What you need to do
Print all records exactly, pictures left out.

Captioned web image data

____________

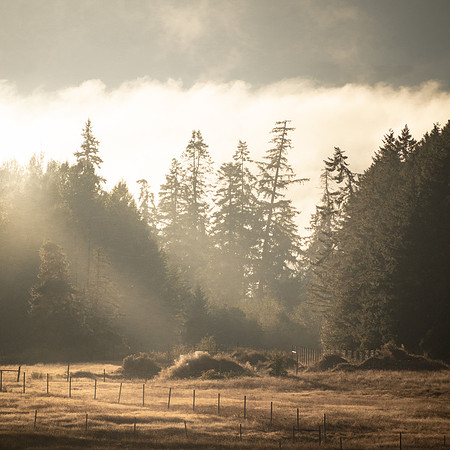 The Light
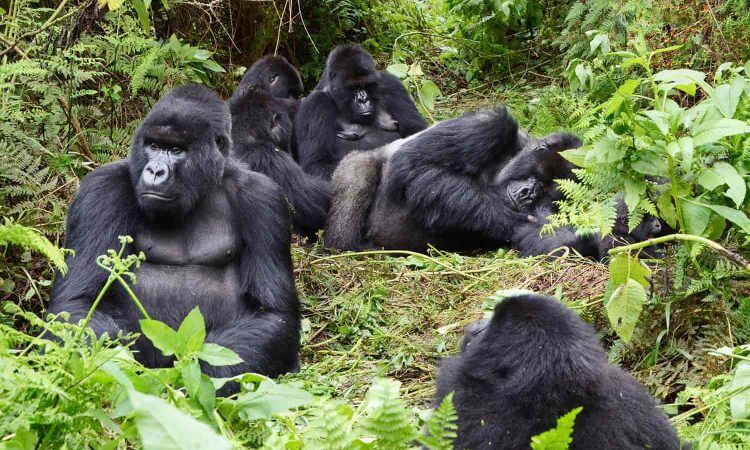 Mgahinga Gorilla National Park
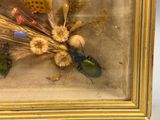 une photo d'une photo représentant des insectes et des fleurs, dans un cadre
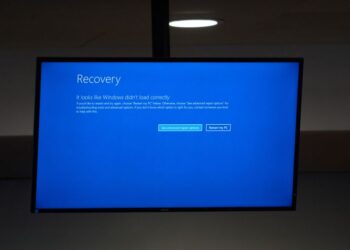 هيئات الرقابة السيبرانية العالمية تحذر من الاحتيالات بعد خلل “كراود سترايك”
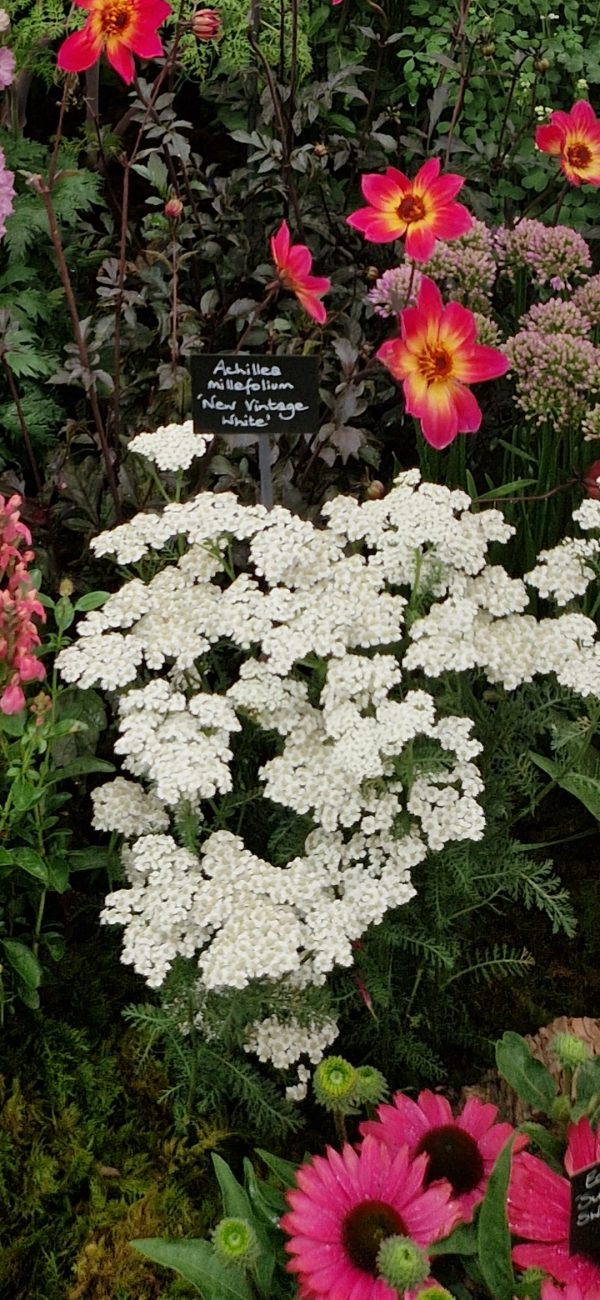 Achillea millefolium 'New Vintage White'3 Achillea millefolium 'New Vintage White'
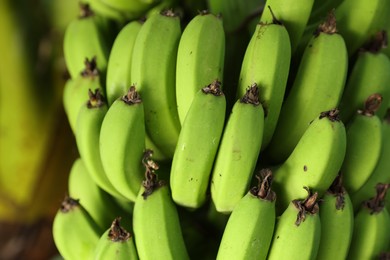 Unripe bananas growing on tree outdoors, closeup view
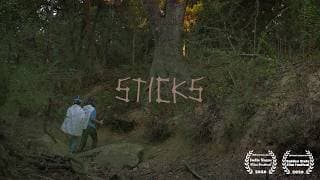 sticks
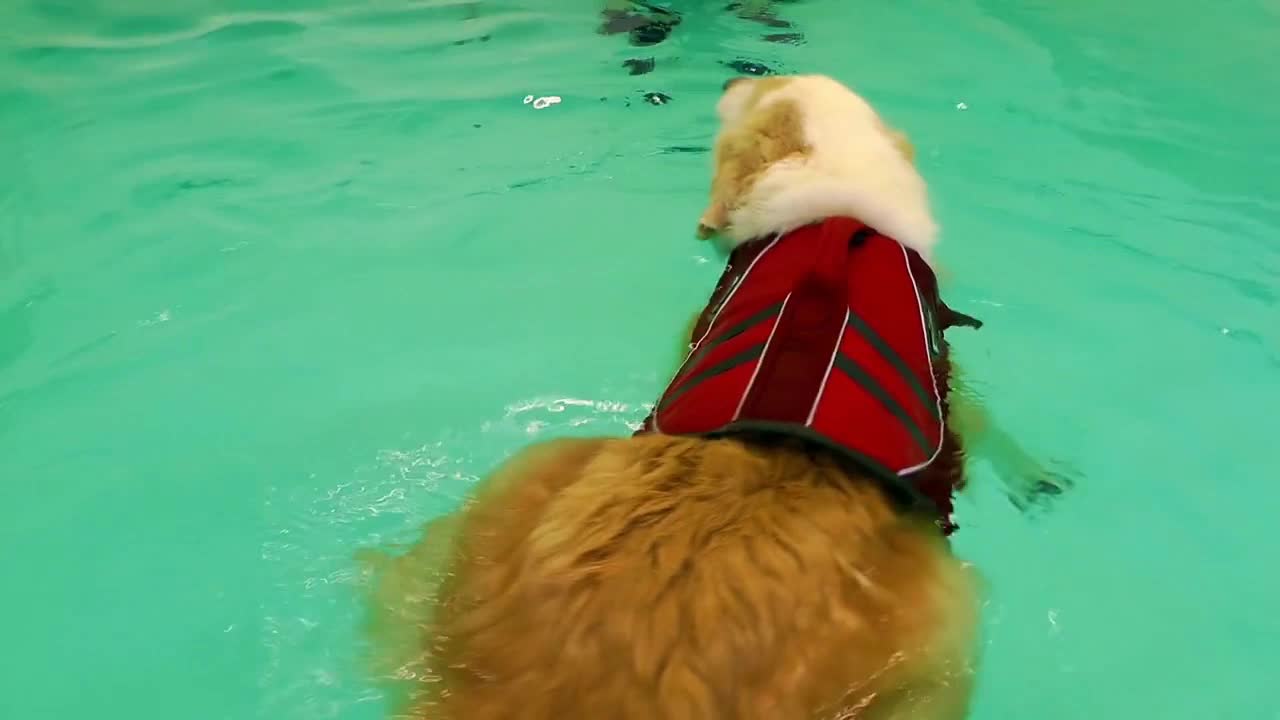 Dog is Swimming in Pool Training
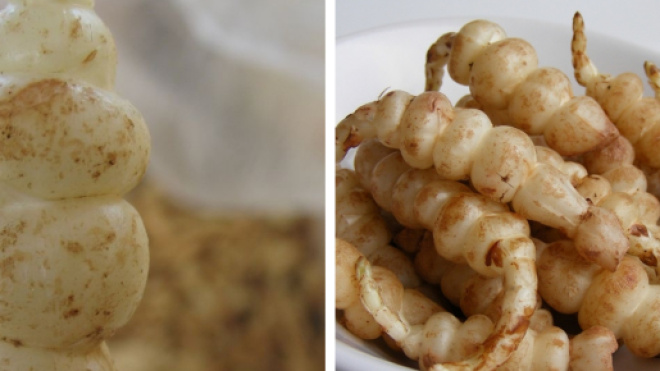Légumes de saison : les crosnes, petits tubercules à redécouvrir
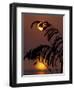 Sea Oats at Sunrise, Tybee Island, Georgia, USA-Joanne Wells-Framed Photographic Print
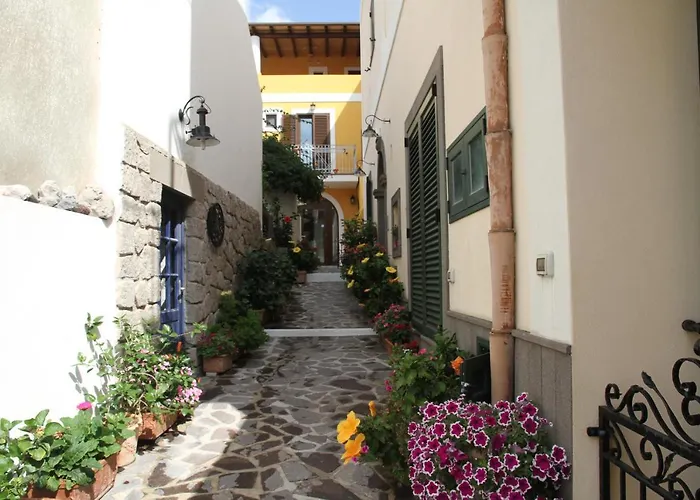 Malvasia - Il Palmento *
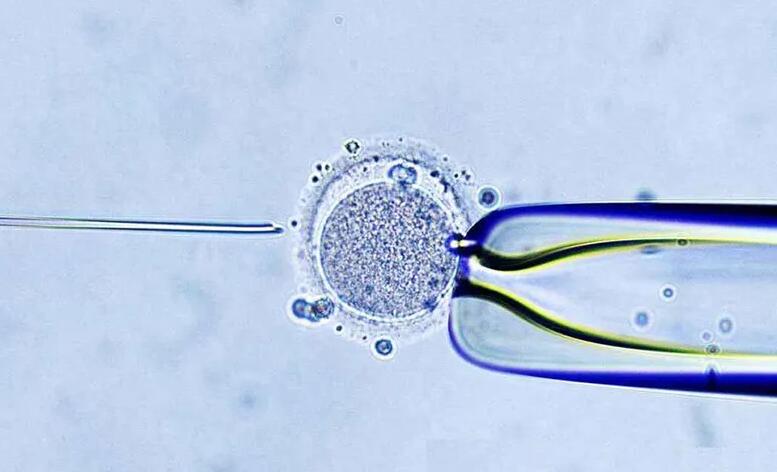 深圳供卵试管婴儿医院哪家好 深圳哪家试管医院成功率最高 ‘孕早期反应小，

____________

Exercise result
 The Light
 Mgahinga Gorilla National Park
 une photo d'une photo représentant des insectes et des fleurs, dans un cadre
 هيئات الرقابة السيبرانية العالمية تحذر من الاحتيالات بعد خلل “كراود سترايك”
 Achillea millefolium 'New Vintage White'3 Achillea millefolium 'New Vintage White'
 Unripe bananas growing on tree outdoors, closeup view
 sticks
 Dog is Swimming in Pool Training
Légumes de saison : les crosnes, petits tubercules à redécouvrir
 Sea Oats at Sunrise, Tybee Island, Georgia, USA-Joanne Wells-Framed Photographic Print
 Malvasia - Il Palmento *
 深圳供卵试管婴儿医院哪家好 深圳哪家试管医院成功率最高 ‘孕早期反应小，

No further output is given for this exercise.